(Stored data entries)
************

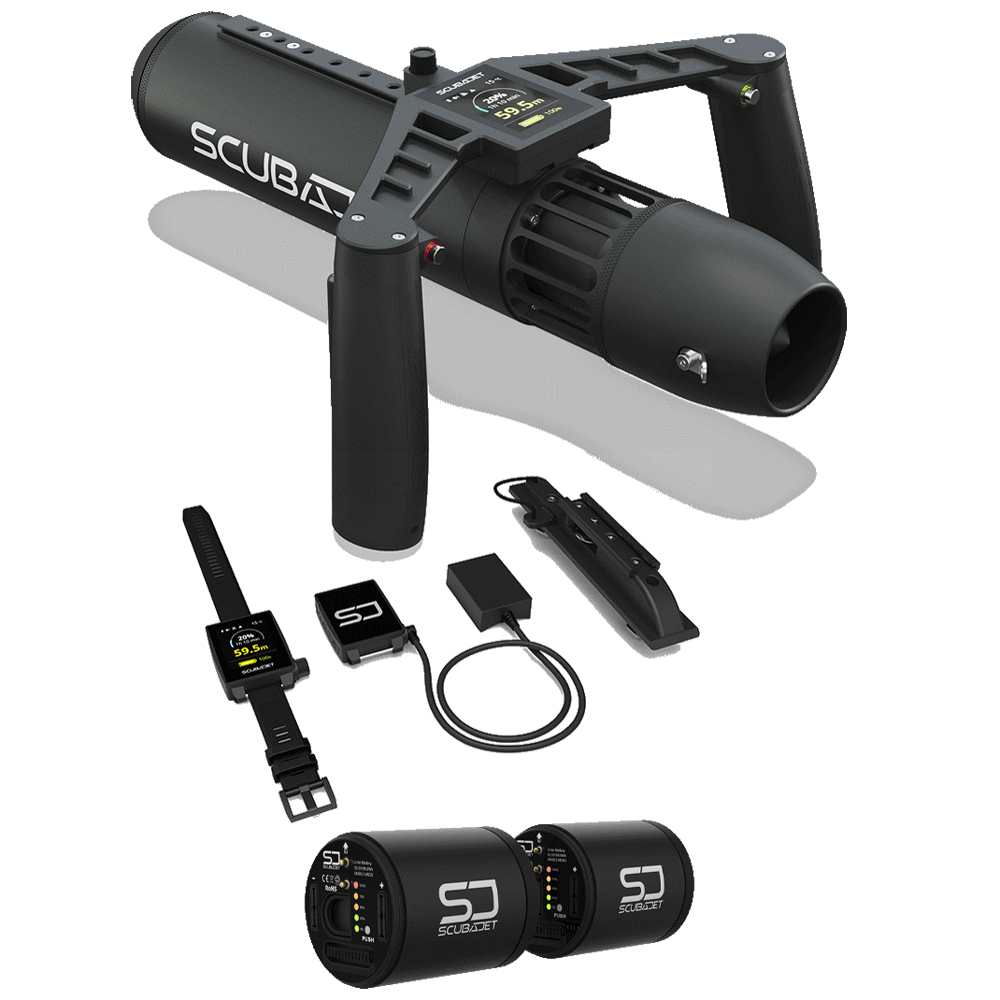 Scubajet PRO kit All-in one foto 1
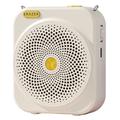 Amplificator portabil de voce Erazer K26 - 8W - bej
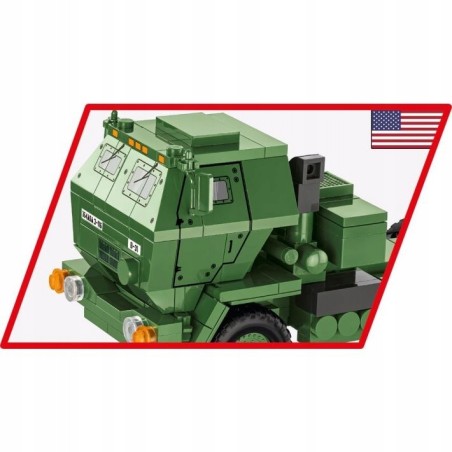 Klocki konstrukcyjne Cobi M142 Himars 604 elementy plastikowe 8 lat+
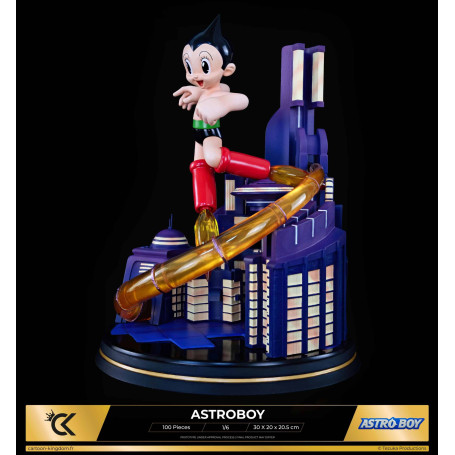 Cartoon Kingdom - Astro Boy Versión Nocturna - Astro el Pequeño Robot - Mighty Atom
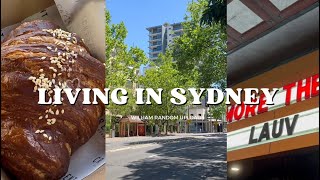 Living in Sydney | Crescent Croissanterie, Cre Asion Matcha, Lauv’s Concert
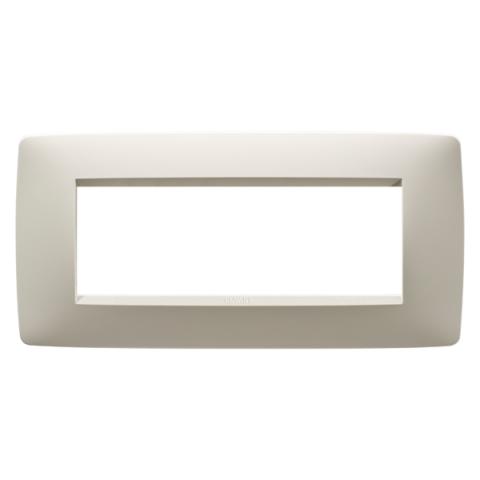 Рамка 6 модула Ivory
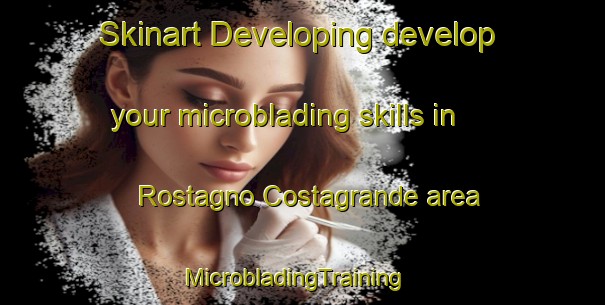 Skinart Developing develop your microblading skills in Rostagno Costagrande area | MicrobladingTraining | MicrobladingClasses | SkinartTraining-Italy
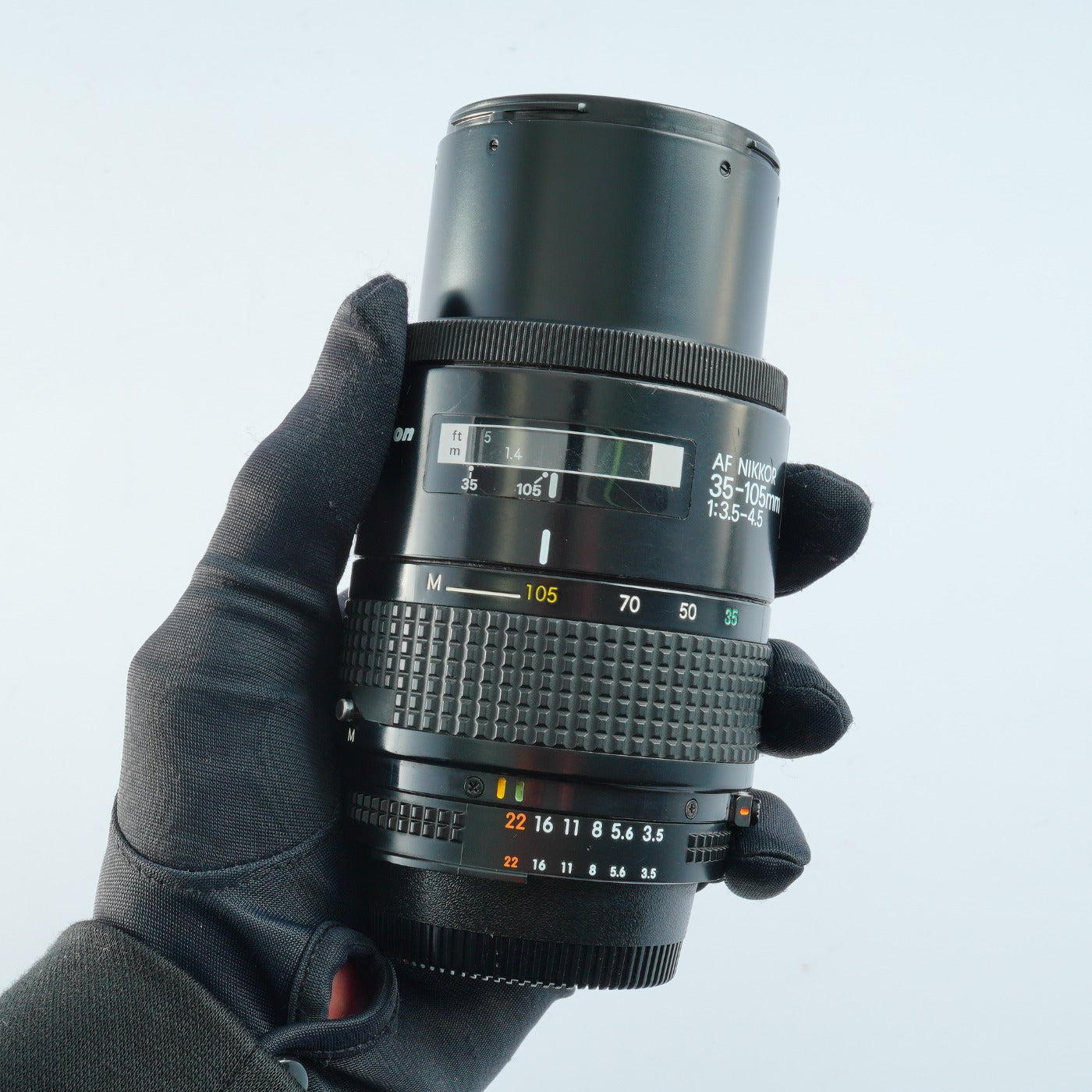 Nikon AF Nikkor 35-105mm F/3.5-4.5 ズームレンズ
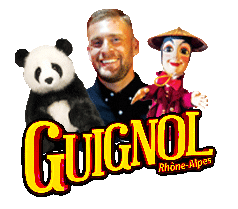 Guignol Rhone ALpes Sticker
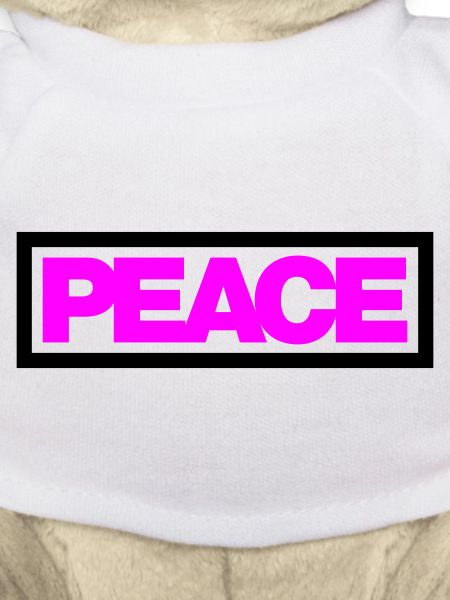 Typo PEACE Kontur 2C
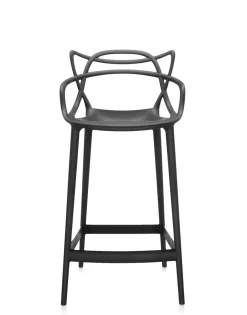 Kartell Masters Stool Barstuhl schwarz
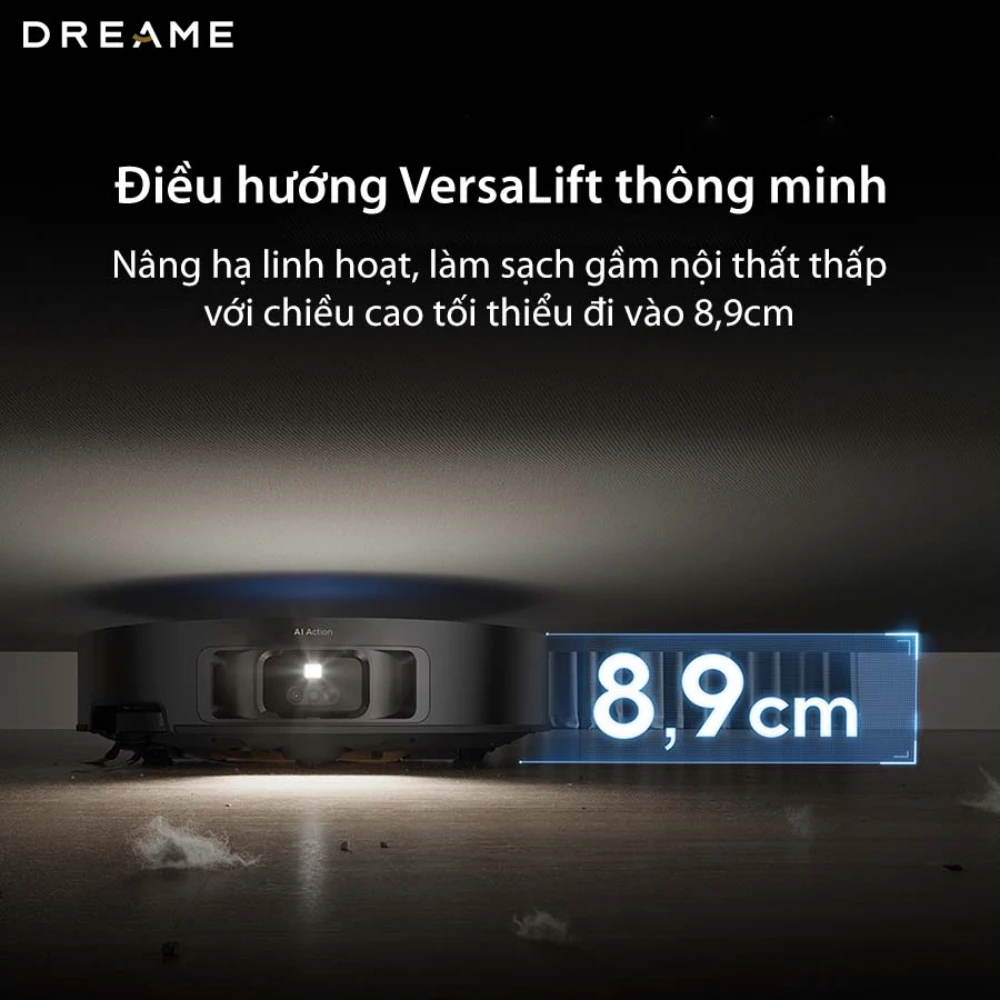 Robot hút bụi lau nhà thông minh Dreame X50 Pro Ultra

************

Task to complete: Output the data exactly as it appears. The pictures do not belong in it.

Task answer:
 Scubajet PRO kit All-in one foto 1
 Amplificator portabil de voce Erazer K26 - 8W - bej
 Klocki konstrukcyjne Cobi M142 Himars 604 elementy plastikowe 8 lat+
 Cartoon Kingdom - Astro Boy Versión Nocturna - Astro el Pequeño Robot - Mighty Atom
 Living in Sydney | Crescent Croissanterie, Cre Asion Matcha, Lauv’s Concert
 Рамка 6 модула Ivory
 Skinart Developing develop your microblading skills in Rostagno Costagrande area | MicrobladingTraining | MicrobladingClasses | SkinartTraining-Italy
 Nikon AF Nikkor 35-105mm F/3.5-4.5 ズームレンズ
 Guignol Rhone ALpes Sticker
 Typo PEACE Kontur 2C
 Kartell Masters Stool Barstuhl schwarz
 Robot hút bụi lau nhà thông minh Dreame X50 Pro Ultra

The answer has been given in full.